The middle section also properly introduces Elizabeth Banks’ Rita Repulsa who at this point is surely a shoe-in for “worst screen villain of the year”. She’s the kind of blockbuster movie antagonist that we’ve come to know nowadays: pure evil, sights set on world domination, desperately looking for that pivotal device thingy that will allow her to . . . what was it? Have the power to “create or destroy worlds”, as Zordon put it? So Rita is a fairly tiresome, over-the-top pantomime villain, complete with an army of cannon fodder rock creatures and a massive sidekick made of gold. All that’s missing is a “mwah ha ha!”, though she may have actually done that at several points in the film!
There is unfortunately a massive lull in the middle of the film as not a great deal happens, even though there is an inescapable training montage, we have to sit through Rita’s tiresome evildoings and the film holds out on the actual morphing for far too long. Instead, the Rangers have to go through all the touchy-feely stuff, learning each other’s secrets and creating a familial bond. To be fair, the cast are so talented that they manage to successfully pull it off and when they eventually morph it definitely feels earned, but the dialogue takes a bit of a schmaltzy turn and the overlong wait for them to morph becomes a bit annoying – “just morph, already!”, you’ll be shouting!

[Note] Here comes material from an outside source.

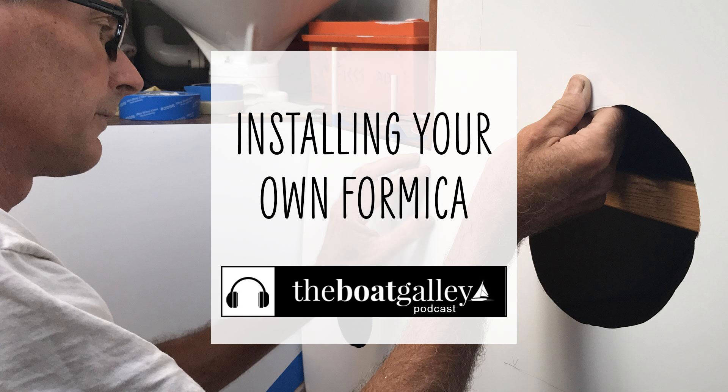The key thing to remember is that when you install Formica you're using contact cement on both surfaces, and if you touch that contact-cemented surface to the other contact-cemented surface they will not come apart. So plan your steps carefully. You may have to fit one edge under existing trim, and if so, make sure you practice that before you put contact cement on anything.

But then the final battle arrives and it’s actually not that bad, even though fighting time in the Ranger suits is sadly limited, instead going all Transformers with the Zords, with a self-aware, self-depricating Transformers joke thrown in for good measure. The climax is entertaining enough and the Megazord is actually quite impressive but ultimately, it’s not enough of a payoff as it’s relatively too brief and the film takes too much time in getting to its conclusion. Actual Power Ranger scenes are few and far between and although they deliver in entertainment value, there’s not enough of them and don’t quite justify making the film.
As mentioned previously, the five leads are really quite superb and serve as the film’s main saving grace. In particular, Dacre Montgomery proves to be a strong, commanding leader as the Red Ranger and RJ Cyler (excellent in Me and Earl and the Dying Girl) delivers all the best quips admirably and is the heart and soul of the feature, quite possibly the MVP. All in all, the leads share a great bond and do well with the questionable script; when they eventually morph, it is definitely deserved.
So I’d have to say that I enjoyed Power Rangers a bit more than I thought I would. Its plot is typical of an Easter holiday blockbuster, a trifle absurd and not meant to be taken seriously, but there are enough entertaining scenes and the five leads effectively make the movie.